See Rule 60(b) of the Federal Rules of Civil Procedure. "Motions for reconsideration serve a limited function; to correct manifest errors of law or fact or to present newly discovered evidence." Rothwell Cotton Co. v. Rosenthal & Co., 827 F.2d 246, 251 (7th Cir.1987) (internal citation omitted). A motion to reconsider brought pursuant to Rule 60(b) is not a substitute for filing an appeal. Stoller v. Pure Fishing Inc., 528 F.3d 478, 480 (7th Cir. 2008).

The Court finds that Johnson merely rehashes the merits of her Amended Complaint. Johnson fails to cite to authority that supports her proposition that State Farm "had no right to interfere with the handling of the underlying matter once obvious 'problems' arose between [her]self and Terrence Kenneally." In addition, the Court notes that while it referenced the similar actions that Johnson had filed in Ohio, it did not base its ruling on these actions, as it had already found that Johnson failed to state a claim upon which relief could be granted.
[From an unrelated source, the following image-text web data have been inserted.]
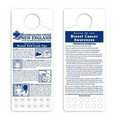 Breast Self Exam w/ Monthly Punch Out Cards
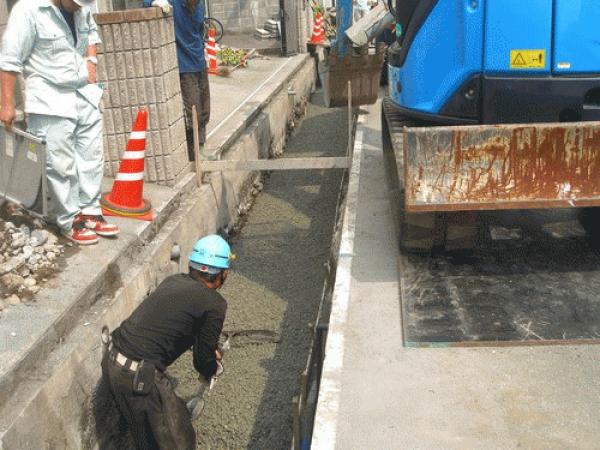「12年間いろんなところで」 透水性・GNN・実績・生コン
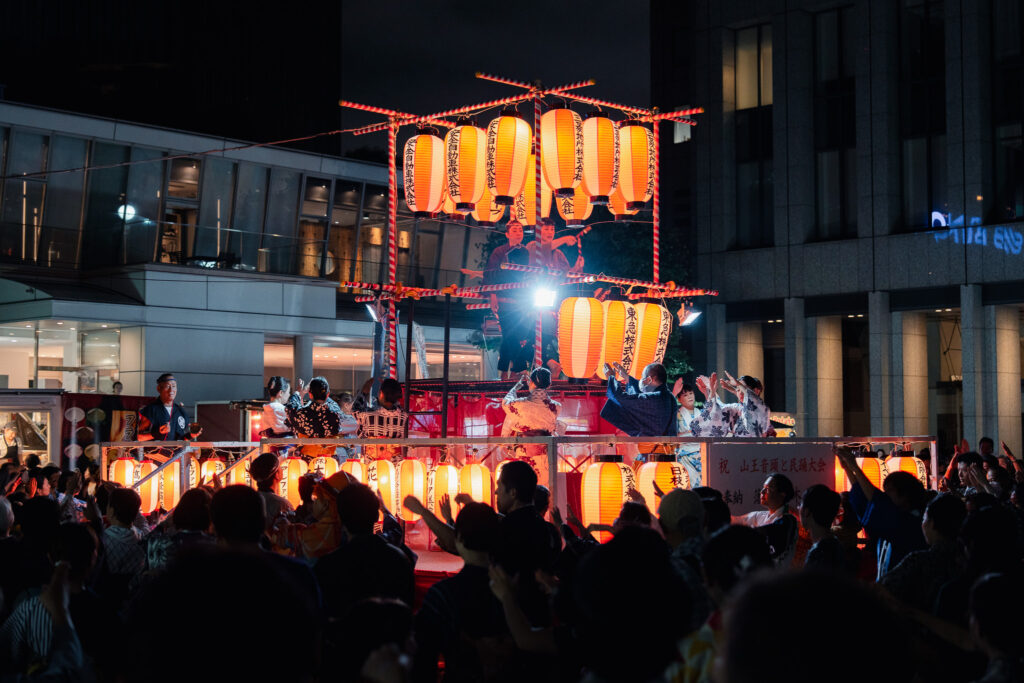 tokyo bon odori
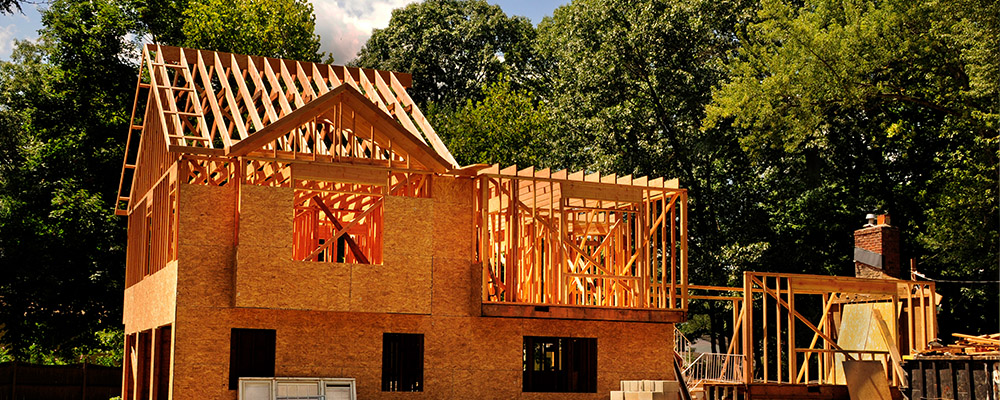 New Home Construction Slows as Lumber Prices Rise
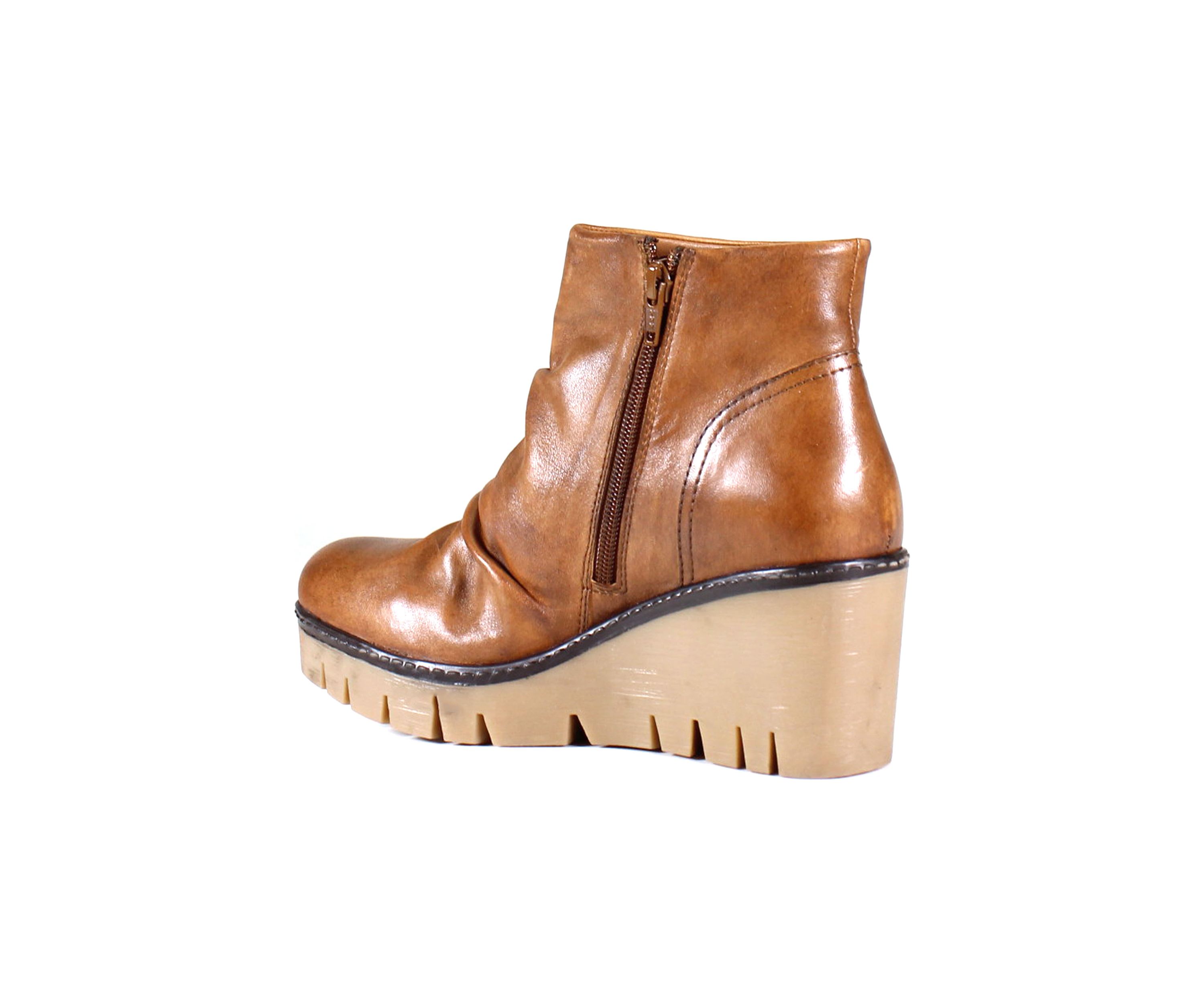 Next Day Wedge Booties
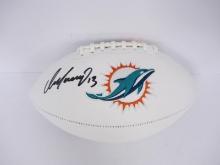 DAN MARINO SIGNED DOLPHINS FOOTBALL COA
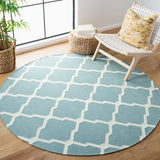 safavieh clearance dhurries dhu634c light blue rug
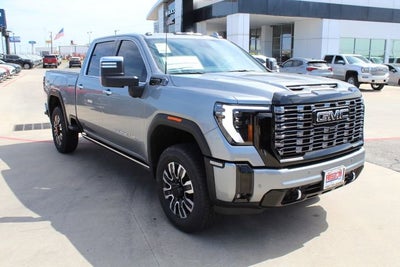 2026 GMC Sierra 2500 HD Denali Ultimate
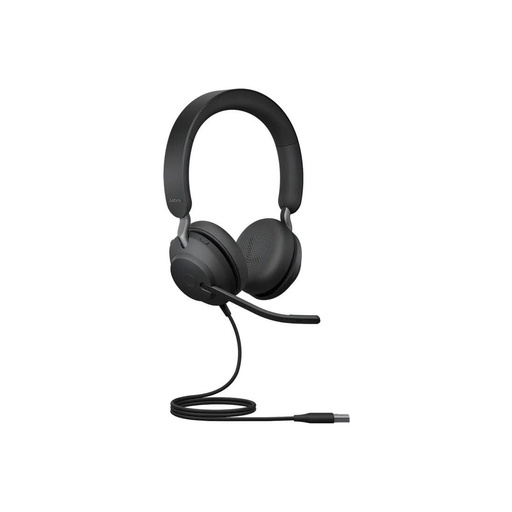 [64263] Гарнитура Jabra Evolve2 40 SE USB-C MS Stereo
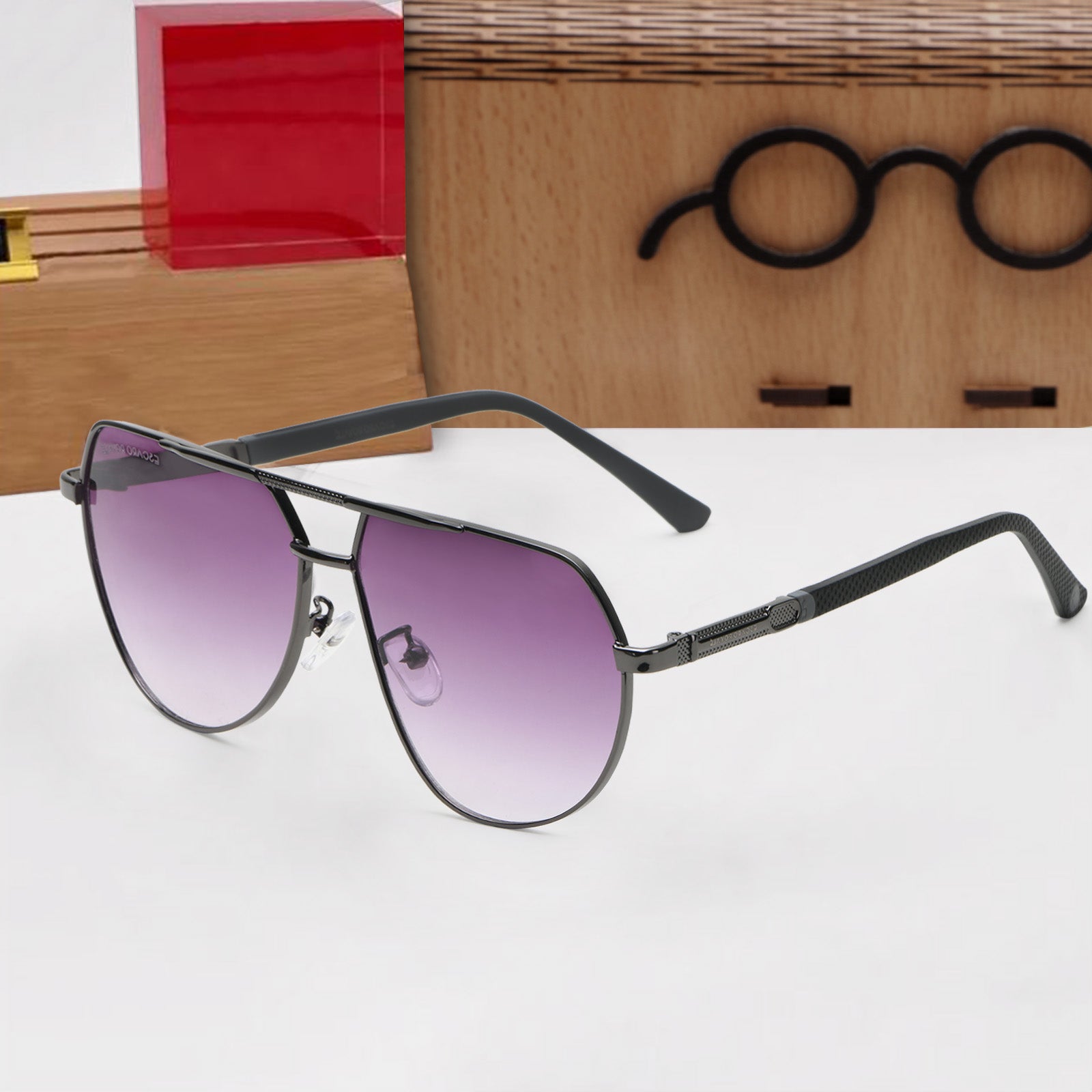Escaro Royale Brooklyn Men's Sunglasses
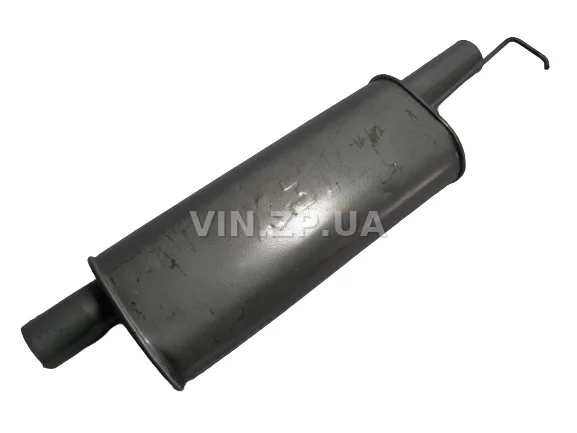 Резонатор ГАЗ 2705  Газель,Соболь, 402, 406-двиг, короткий ТЕКС двойная прокатка швов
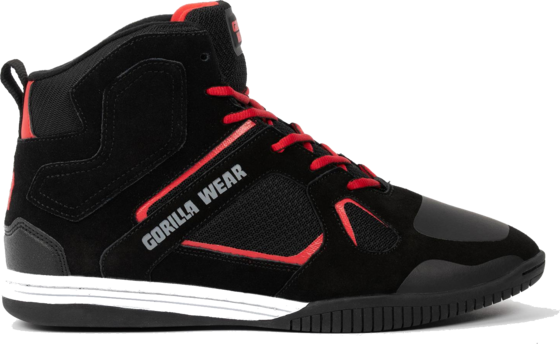 
GORILLA WEAR, 
Troy High Tops, 
Detail 1
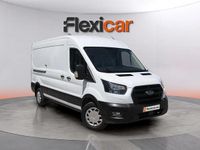 Usado Ford Transit 131 CV (96 kW) 2023 Blanco Van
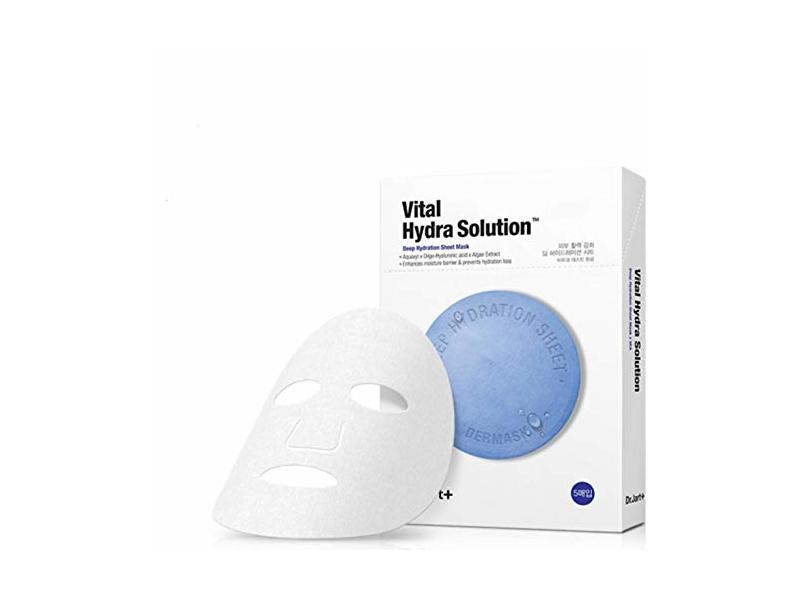 Dr. Jart Vital Hydra Solution Deep Hydration Sheet Mask, 1 ct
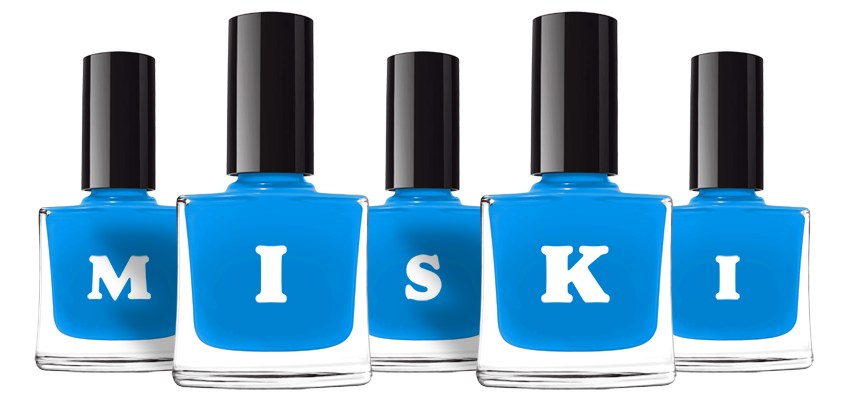 Miski glossy logo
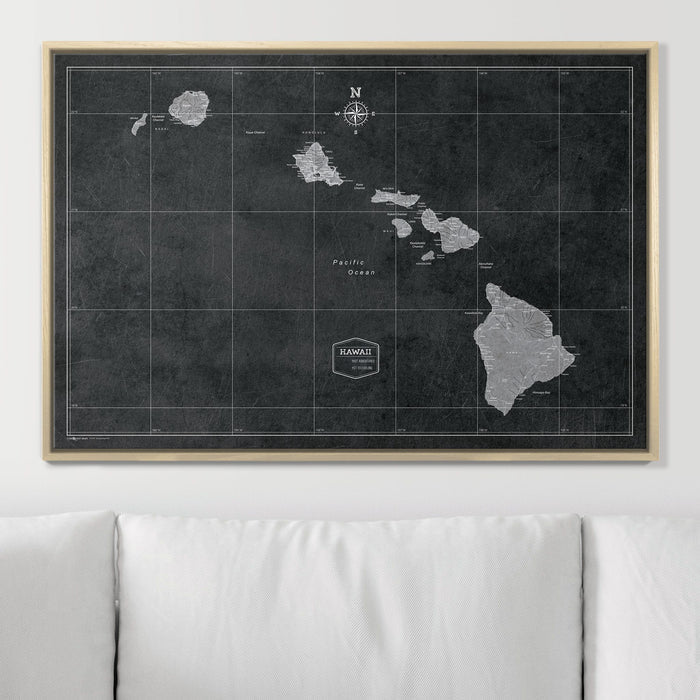 36" x 24" / Standard / Natural Oak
Finally, while it did not award State Farm its costs, the Court finds it was correct in stating that it would consider awarding future costs if Johnson continued to litigate her frivolous action. While a court should be more lenient in assessing sanctions against a pro se litigant, when she persists in a hopeless cause long after it should have been clear to her that her cause was indeed hopeless, sanctions should be imposed. Bacon v. American Federation of State, County, and Mun. Employees Council, No. 13, 795 F.2d 33, 34-35 (7th Cir. 1986).

While Johnson may disagree with the Court and file a timely appeal, the Court finds her motion to reconsider has no merit. Accordingly, Johnson's motion to reconsider is denied.

CONCLUSION

The Court DENIES Johnson's Motion to Reconsider [#27 and #28].

ENTERED this 22nd day of July, 2009.